In April 2018, the Trump administration announced a new “Zero Tolerance” immigration enforcement policy, requiring that all improper entry offenses be referred for criminal prosecution. This policy resulted in thousands of children being separated from their parents, and many have still not been reunited, despite a court order.

CREW filed Freedom of Information Act (FOIA) requests with the Department of Homeland Security (DHS) to understand the record management program DHS says is being used to bring families back together. CREW requested all documents since President Trump’s inauguration about policies and procedures of the DHS records management program that apply to U.S. Customs and Border Protection and U.S. Immigration and Customs Enforcement. In a second FOIA request, CREW asked for documents related to the process of identifying and tracking minors taken into custody, and documents about the creation of a “Central Database” and “Matching Table” used to reunited families.

The Zero Tolerance policy “fundamentally changed DHS’ approach to immigration enforcement,” the DHS Office of Inspector General (OIG) noted, because adults facing criminal prosecution were separated from minors who were held in DHS custody. As a result, thousands of children were separated from their parents.

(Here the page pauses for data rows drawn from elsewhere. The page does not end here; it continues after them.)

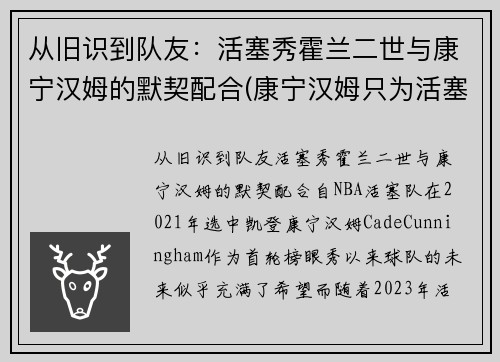 从旧识到队友：活塞秀霍兰二世与康宁汉姆的默契配合(康宁汉姆只为活塞试训)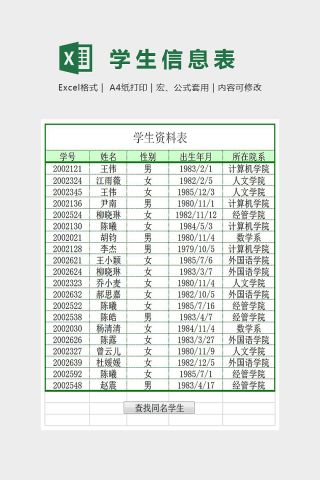 简单精美学生信息表Excel下载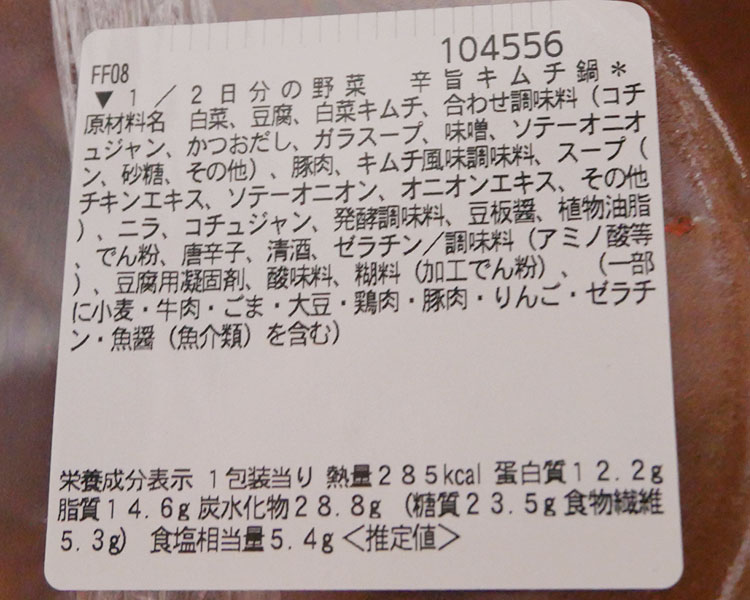 セブンイレブン「1/2日分の野菜 辛旨キムチ鍋(540円)」の原材料・カロリー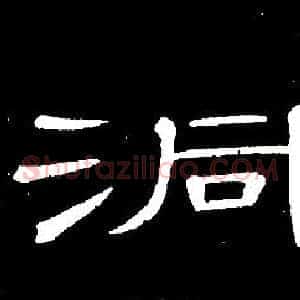 洞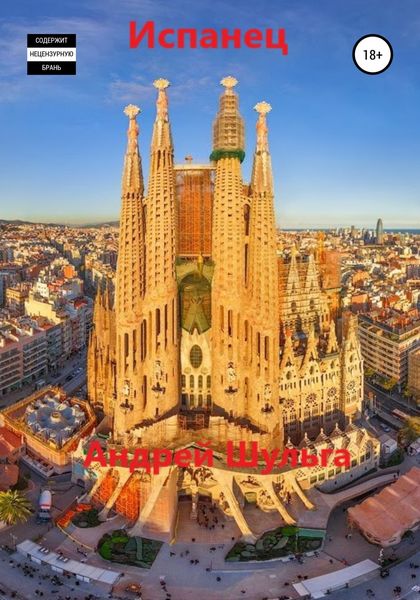 Обложка книги  «Испанец»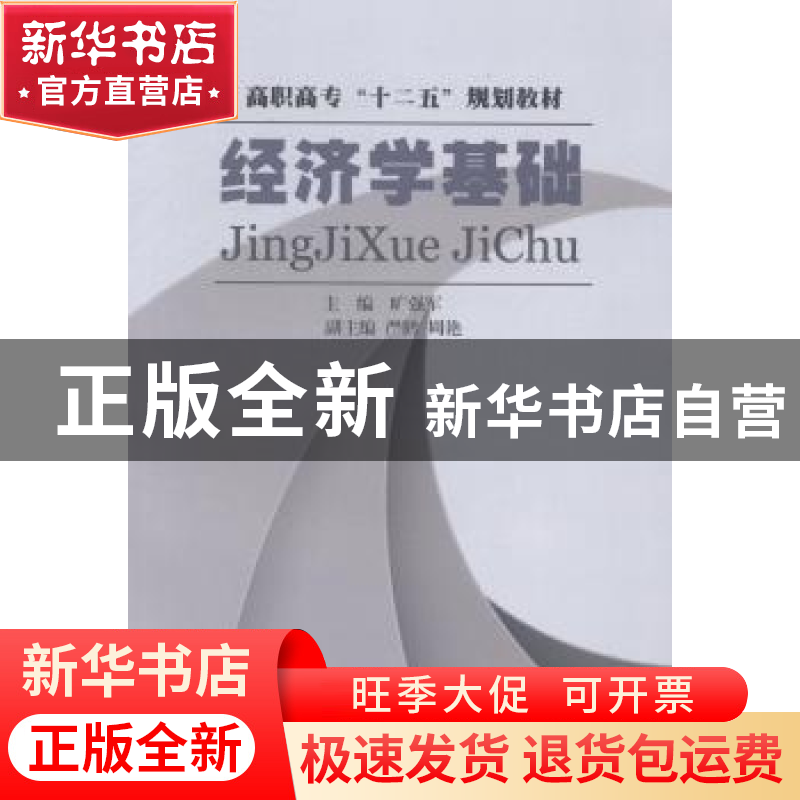 正版 经济学基础 旷强军主编 西南财经大学出版社 9787550401808高清大图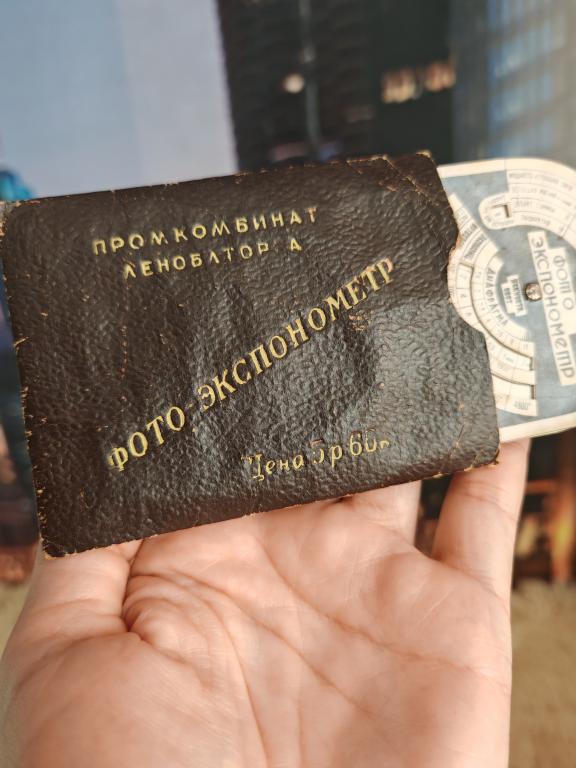 ФОТО Экспонометр бумажный Леноблторг 1951 год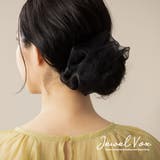 シュシュ ヘアアクセサリー ヘアゴム | Jewel vox | 詳細画像1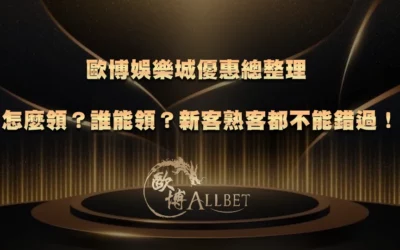 TU娛樂城優惠總整理|怎麼領?誰能領?新客熟客都不能錯過!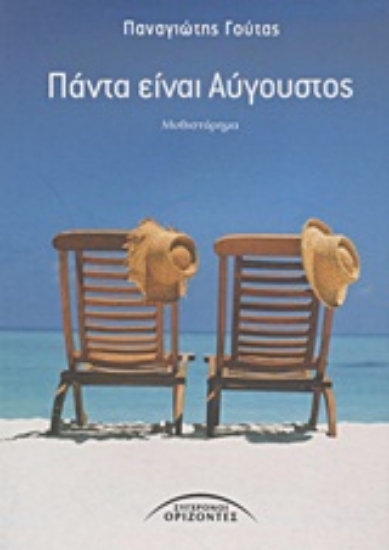 Εικόνα Πάντα είναι Αύγουστος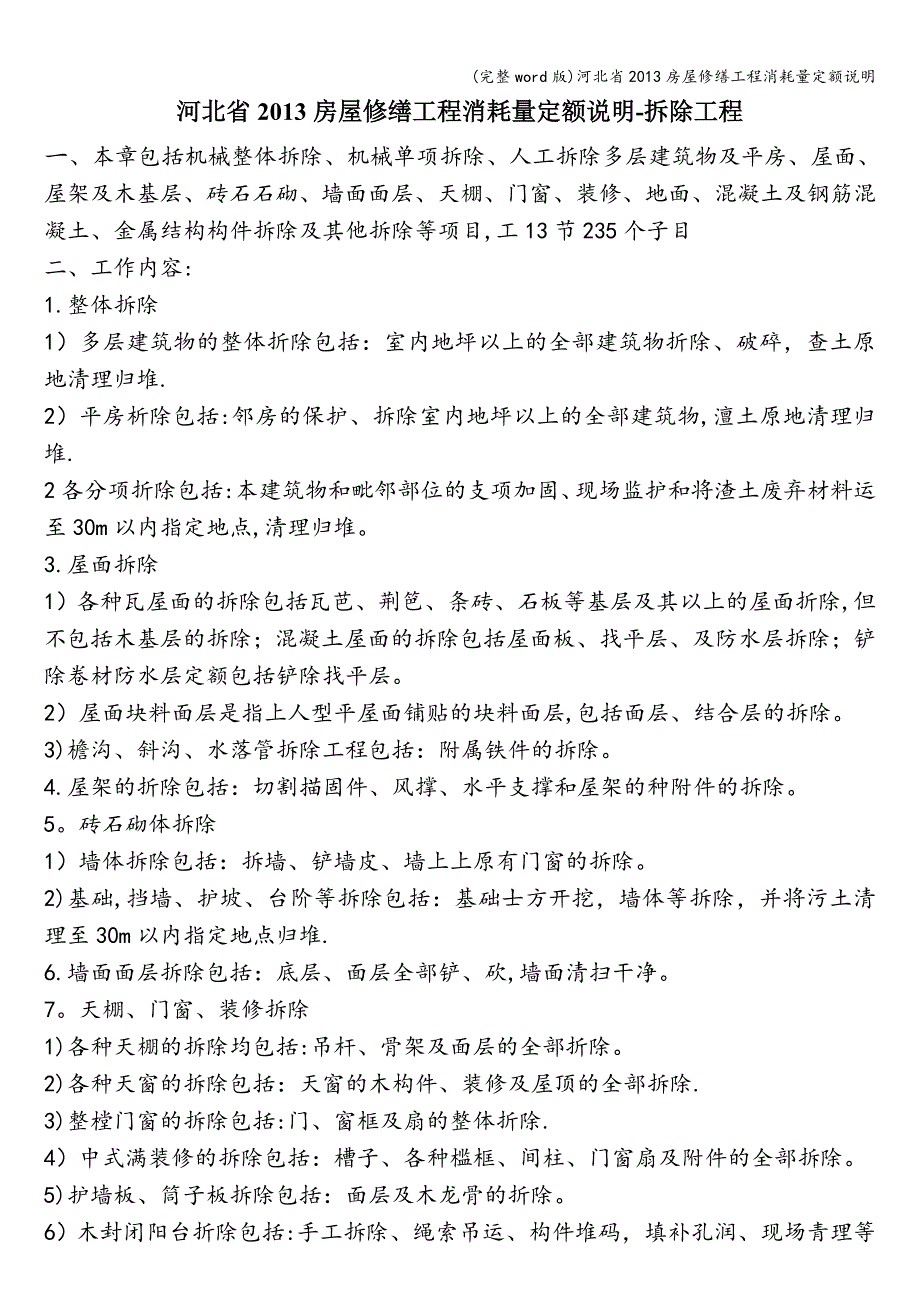 (完整word版)河北省2013房屋修缮工程消耗量定额说明.doc_第1页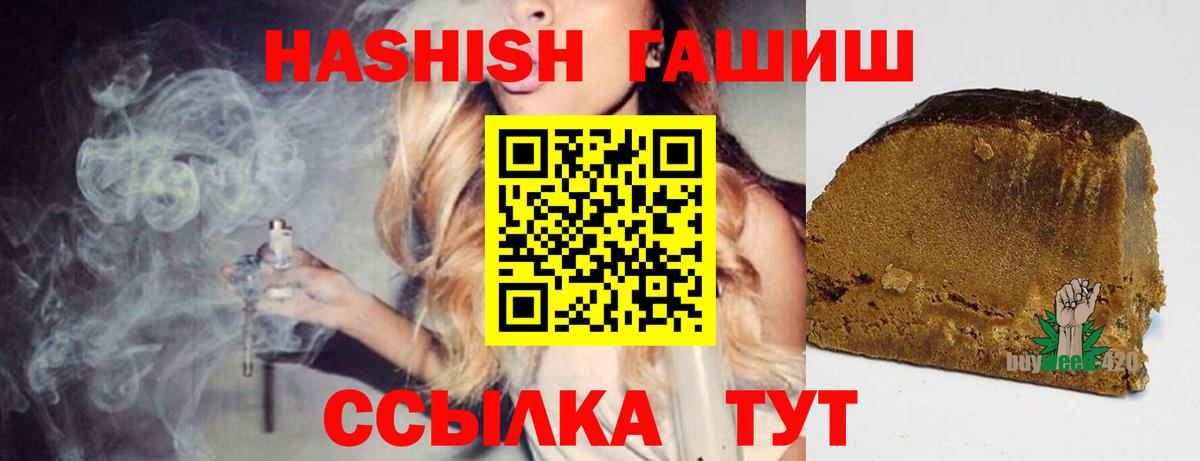 ГАШ индика сатива  Гашиш hashish  ГАШ  Абинск  Вход с VPN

Following massive public outcry, President Trump halted the family separations by Executive Order issued June 20, 2018. On June 26, 2018, a federal court ordered the government to reunify separated children and parents within 30 days — which it has still failed to do.

On September 27, 2018, the DHS OIG issued a report that raised concerns that DHS has destroyed or lost records that could have been used to reunite hundreds of families, which would violate the Federal Records Act, if not other laws. The OIG found that “DHS . . . struggled to identify, track, and reunify families separated under Zero Tolerance due to limitations with its information technology system.” Contrary to public statements in June 2018 that DHS had a “central database” with location information for separated parents and minors, “OIG found no evidence that such a database exists.” The OIG noted that the agency took “many weeks” to provide them with data relating to family separations and unification, that the data was “incomplete and inconsistent, raising questions about its reliability.”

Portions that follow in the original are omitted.